Post Scandal: Rosemead's deciscion to kill mixed-use

One thing of note in the Gong and Tran scandal is that when the deals were being done, Rosemead was starting to look at getting mixed-use developments. After Tran was ousted, Rosemead changed the General Plan to kill mixed-use.

This was a small victory for the right-wing anti-mixed-use movement. It's a small movement, but has reared its ugly head here and there, and has been noted in some articles in Planet Netizen, and more recently in the progressive and green press. Basically, it's bankrolled by developers who build sprawl.

It's a general attack on both "smart growth" or mixed-use zoning, and New Urbanism. New Urbanism isn't the same thing, but it emphasizes smaller lots, walkable cities, and there's some overlap between the two. The two are both aligned with "green" buildings, at least the type promoted by the LEED standards (but not the kind where you build a hobbit house of of tree branches).

In this article by Prof. Piggington, highlights points in from city to suburbia and then backFirst Tuesday about the Generation Y trend away from single family residential, and toward apartments and condos in city centers.

I think the political calculus is simpler: apartments and condo dwellers tend to have less money than people buying SFRs, and tend to vote more Democrat. A mixed-use zoning is condos and apartments, and will either turn a SFR zone into a mixed-use zone, or turn a commercial zone into a mixed-use zone.

The voting pattern may not always be Democrat, but will always tend to support collective purchasing of basic services like public transit, parks, and cultural services like libraries and museums. Thus, this supports larger government or public services. These are opposed by the libertarian (and exurb-development wing) of the Republican Party.

The current Republican voting base is heavily exurban. Spread-out SFRs have been good to the Reps, and they don't want to lose that.

The problem is that Rosemead is full of SFRs, but is also situated in an area of increasing density. It's also in a situation where it, and other nearby cities, really need to get on the ball to attract jobs of the future. If Piggington et. al are correct, then younger workers are going to avoid suburbs, especially older ones like Rosemead, and go straight into the Downtown and nearby communities, to live closer to work and be within range of public transit (or so close that driving is easy).

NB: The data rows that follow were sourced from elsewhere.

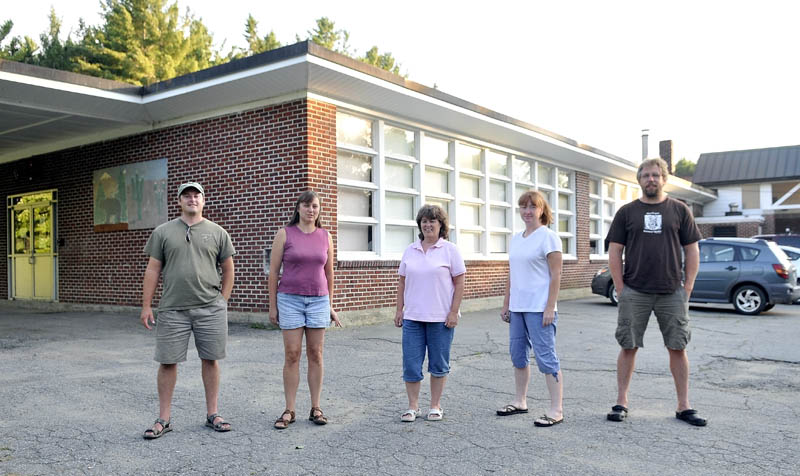 Cornville Regional Charter School organizers from left to right, executive director, Justin Belanger, and board members Sandra Belanger, Jean Walker, Jessica “Jake” Daigneault, and Jason Cooke outside the Cornville Elementary School on Wednesday.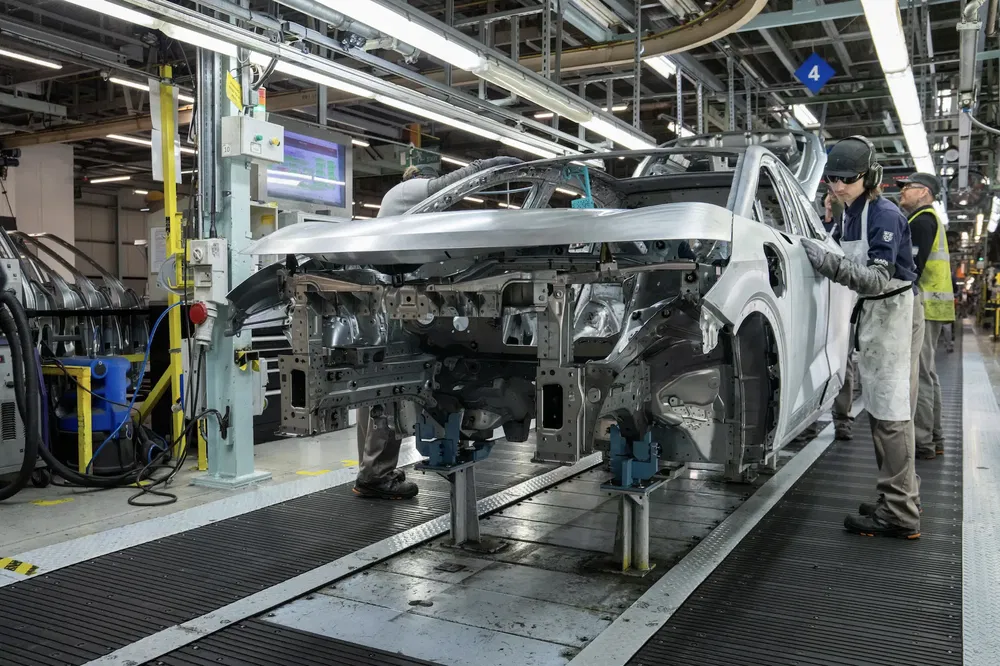Chaîne de montage automobile avec employés assemblant un châssis de voiture dans une usine moderne.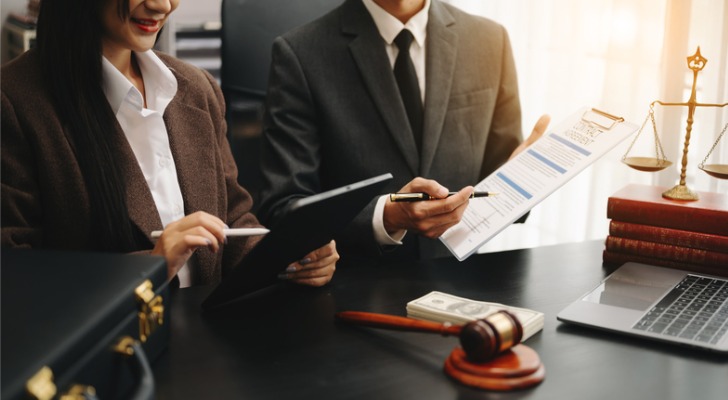Financial advisors reviewing notes from a coach.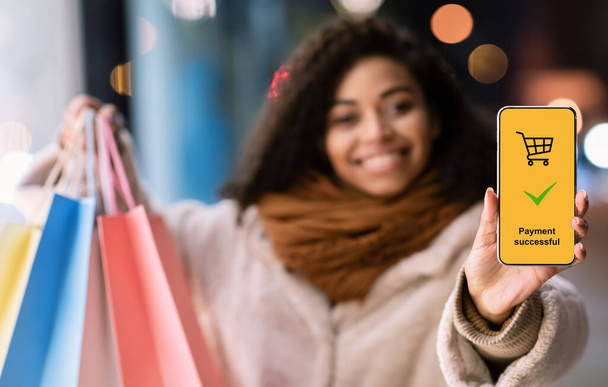 支払い成功画面とスマートフォンを示す幸せな黒人女性 - 写真・画像
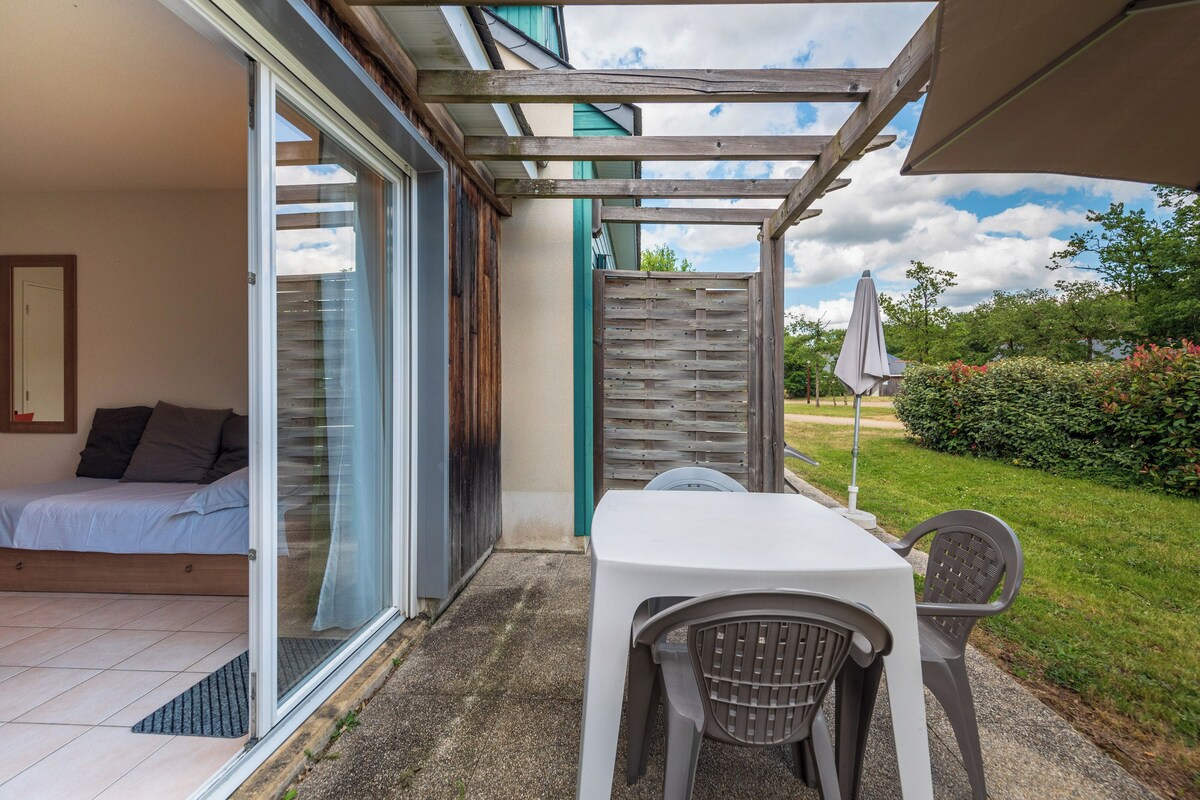 A bedroom with a sliding glass door leading to a patio with a table and chairs, a bed, and a view of the garden.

My sense is that the change isn't so wholesale, but it is happening in some sectors, like media.

Anti-immigrant

I think it was obvious from the discussion that surrounded Rosemead's decision to backtrack on mixed use that they were really anti-immigrant. The anti-mixed use folks weren't against the traffic, because they supported straight retail developments that brought a lot more traffic than mixed use ever would. They weren't against mansionization, because they opposed any attempt to contain that with design standards and zoning changes that would have made that harder (and would have affected Margaret Clark and Steven Ly's own plans for subdividing their own lots). They weren't even opposed to a larger government, because they've already blown half the city's reserve fund that they inherited from John Tran. What they have done is create a class divide between the homeowners (the few who can either bought single family homes back in the 1960s and 1970s or inherited them from their parents) and the renters. There's no growing middle class or upwardly mobile class to hold them accountable.